Change is based on our life experiences and the company we keep. Our lives can take different paths and we can end up wanting different things.

If these things don’t gel with that of our partner and a compromise can’t be reached then separation is the only way. We all deserve to be happy as individuals because for children to be happy they need to see happy parents whether they are together or not.

They say that they are parents first and foremost and I have seen people already questioning the fact that they are breaking up.

You don’t have to be together as a couple to be great parents.

This old fashioned notion of ‘staying together for the kids’ just simply doesn’t wash anymore in a world where women are independent and have choice. Women no longer have to think as they did the generation previously ‘I’ve made my bed and now I have to lie in it’, because as women we are skilled and educated as well as being Mum’s.

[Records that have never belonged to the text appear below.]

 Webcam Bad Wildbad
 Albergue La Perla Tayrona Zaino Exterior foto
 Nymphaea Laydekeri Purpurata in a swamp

My personal opinion that is it unhealthy to stay in a toxic marriage/relationship, and children are far less likely to go on to have successful relationships when their parents haven’t had a happy marriage. Parents who think they are putting on a front for their children need to know that the kids see right through any façade, because it’s the unconscious body language that gives the game away even if there is no arguing. Too many couples split around feelings of hatred, anger, resentment and jealousy, a split whilst these feelings are at the forefront is inevitably going to be more challenging and damaging for children. What Gwyneth and Chris are saying is that they are going to work just as hard as making this break up go smoothly whilst nurturing positive feelings and trying to ensure that they do the best for their children. I think it’s a fine example to set for those couples thinking of divorce.